/---

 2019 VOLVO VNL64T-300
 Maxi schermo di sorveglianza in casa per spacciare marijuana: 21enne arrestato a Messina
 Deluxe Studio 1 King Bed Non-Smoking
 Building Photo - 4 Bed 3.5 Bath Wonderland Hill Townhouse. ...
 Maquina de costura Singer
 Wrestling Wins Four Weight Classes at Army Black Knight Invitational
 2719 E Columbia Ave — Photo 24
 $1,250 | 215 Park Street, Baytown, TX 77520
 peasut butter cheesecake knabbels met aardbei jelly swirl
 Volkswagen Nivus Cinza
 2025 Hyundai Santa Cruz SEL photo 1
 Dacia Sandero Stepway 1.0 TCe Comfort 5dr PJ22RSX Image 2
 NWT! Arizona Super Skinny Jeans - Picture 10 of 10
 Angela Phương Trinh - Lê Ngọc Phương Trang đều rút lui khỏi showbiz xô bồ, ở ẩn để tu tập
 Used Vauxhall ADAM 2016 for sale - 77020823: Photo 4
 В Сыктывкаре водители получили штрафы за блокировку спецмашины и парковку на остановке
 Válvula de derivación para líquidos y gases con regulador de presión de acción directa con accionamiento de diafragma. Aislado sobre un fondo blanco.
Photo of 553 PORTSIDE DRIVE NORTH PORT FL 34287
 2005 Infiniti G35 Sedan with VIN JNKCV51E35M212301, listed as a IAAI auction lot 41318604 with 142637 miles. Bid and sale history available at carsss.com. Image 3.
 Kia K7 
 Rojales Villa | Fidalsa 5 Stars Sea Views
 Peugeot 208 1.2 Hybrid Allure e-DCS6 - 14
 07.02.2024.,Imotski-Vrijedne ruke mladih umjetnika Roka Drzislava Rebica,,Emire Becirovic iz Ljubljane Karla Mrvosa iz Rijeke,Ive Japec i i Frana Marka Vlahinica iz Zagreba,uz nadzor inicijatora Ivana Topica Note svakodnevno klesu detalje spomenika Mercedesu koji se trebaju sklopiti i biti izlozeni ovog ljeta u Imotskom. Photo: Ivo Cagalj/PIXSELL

\---

#### Directions for this task
All lines above with the word "Image" need to be reported.

#### Expected output
 Dacia Sandero Stepway 1.0 TCe Comfort 5dr PJ22RSX Image 2
 2005 Infiniti G35 Sedan with VIN JNKCV51E35M212301, listed as a IAAI auction lot 41318604 with 142637 miles. Bid and sale history available at carsss.com. Image 3.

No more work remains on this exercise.